Но разница тут радикальна. У еврейских авторов буквально тотальная, всеохватывающая рефлексия, и все «сознание» именно целиком вовлечено в нее постоянно и с неизбывной силой. Именно все сознание, взятое как единое и целое (а не как страдающий персонаж), вовлечено в этот процесс, и эта деятельность у еврейских поэтов предстает как единственно действительная, важная и решающая. Один слой сознания восстает на другой, каждый уровень видит соседний и «другое». Но что это, как не гигантский живой свод комментариев, комментариев к комментариям, созерцаемых одновременно, а не последовательно? Что это, как не встреча многих текстов, данных в одной, единой книге? Но, проецируя на поэтический материал: что это, как не модель культуры, природа которой – в ее саморефлексии?
Особенно интересно написание статьи евреем о еврейских поэтах. Получается эффект бинокля с двумя линзами, спереди и сзади. Луч, проходящий сквозь обе линзы, приобретает особую цветовую окрашенность. В статье, в ее ритме, пении, в ее дыхании, вернее, задыхании усиливаются, налагаясь друг на друга, синхронные ноты, увеличивают до всплеска размах волн. Хочется назвать их: это волны нашей истерии.
На дне искусства лежит истерия. Точнее, на дне поэзии. Плач от поэзии – плач истерический. Но поэзия жаждет высечь, извести этот плач из слушателей. Но прежде – из себя самой. В любой еврейской молитве, в любом рассказе моей тети Ривы о том, как она ходила навещать соседку в больнице, в игре Исаака Стерна – я слышу это сладкое движение к истерическим слезам.

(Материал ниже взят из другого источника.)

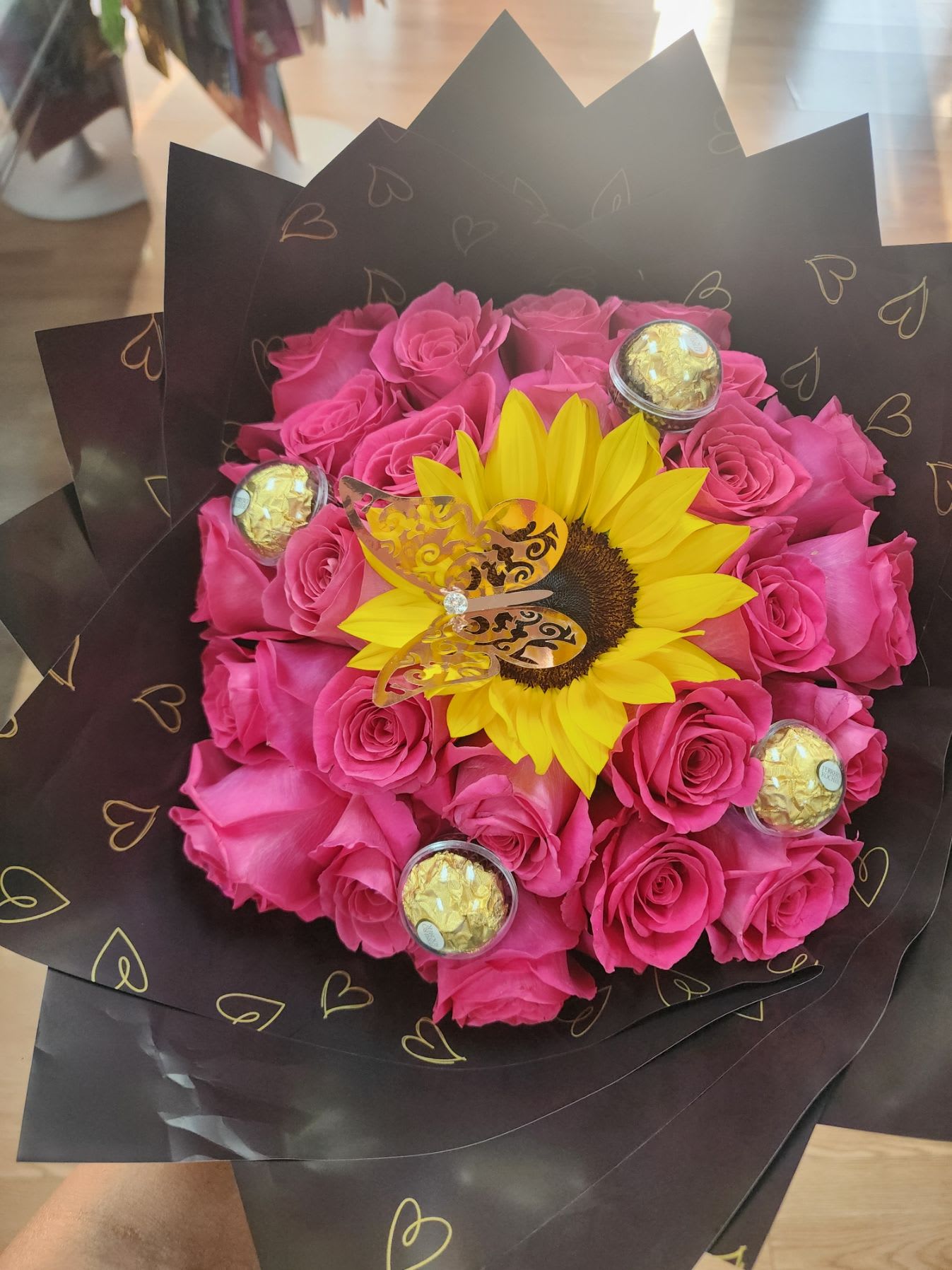 ALE - Beautiful bouquet for all occasions. 25 Roses 1 Sunflowers 4 Ferreros Rosher chocololate And 1 Butterflies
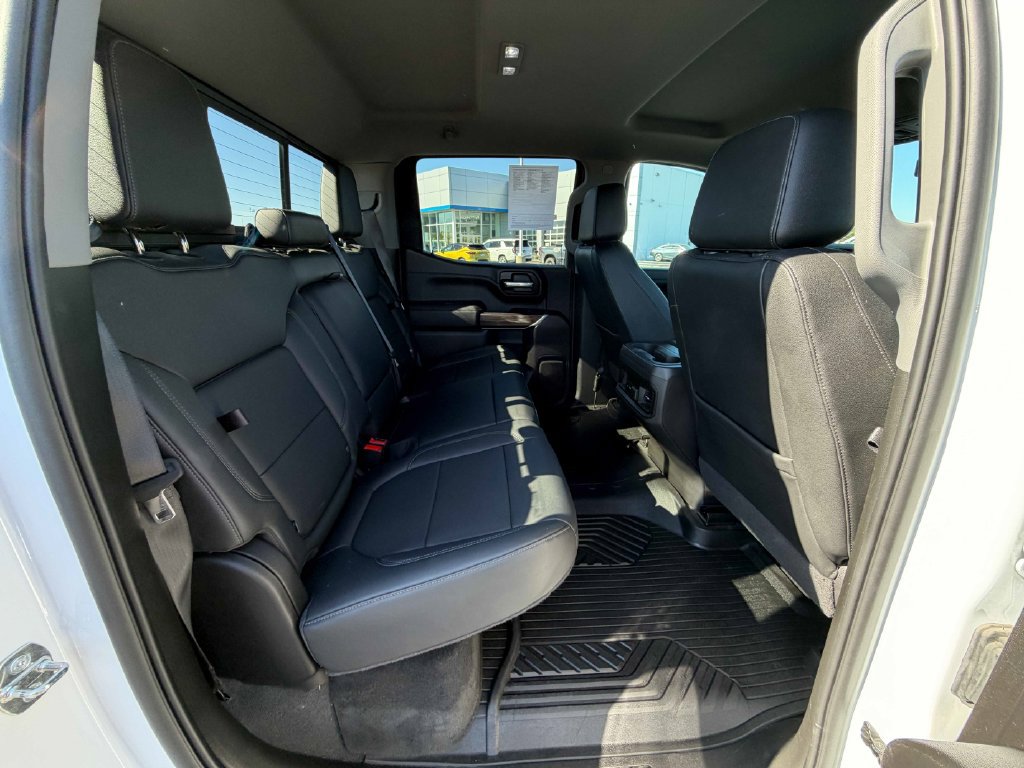Used 2022 Chevrolet Silverado 1500 LT Trail Boss w/ LT Trail Boss Premium Package AWD/4WD image 27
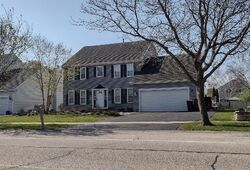 Pre-foreclosure in  CIMARRON DR Cary, IL 60013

Истерия есть освобождение. Это вопль, который должен кончиться счастьем. Истерический крик превышает всякий адрес – слушателя, – за ним стоит общий для всех вопль к тому, который…
Это внутреннее психическое движение движет «еврейские» тексты и приводит к счастливому концу в слезах. Такое я увидел в тексте Миши Эпштейна о текстах других…
Да, действительно, похоже на правду сопоставление песенности, душевности русских поэтов и сконструированности стихов Мандельштама и Пастернака. Но вот какие возникают вопросы: 1. Поздний Пастернак – его явно речевая интонация. 2. Религиозная поэзия позднего Пастернака. Правда, мне кажется, что эта поэзия – в каком-то смысле единственный пример русскоязычной религиозной поэзии (что должно подтверждать тезис Эпштейна), поэзии рефлектирующего христианина. Сохранение христианской сути дела в народной рецепции русского православия многими справедливо ставилось под сомнение. Языческие включения слишком очевидны. Христианство в России не случайно называют религией «куличей и крашеных яиц». Пастернак первым (а Бродский вторым) совершил классицистский ход по вероисповедному поводу: поэтически переложил евангельские события и, более того, глубинное самоощущение православного в пасхальную ночь. Словно сознавая свою отторженность от русской национальной почвы (и крови), он компенсирует ее совершением предельного перехода – изображая соучастие природы в крестной смерти Спасителя.
Христианство – религия существ, наделенных самосознанием и индивидуальной волей к спасению. Попечительная особенность русского православия сказалась в том, какое место в нем занимает концепция «святости», «святых» – особо избранных Богом людей, заступников за народ, за всех и каждого. Мандельштам стал лютеранином оттого, что остро ощущал метафизическое равенство людей.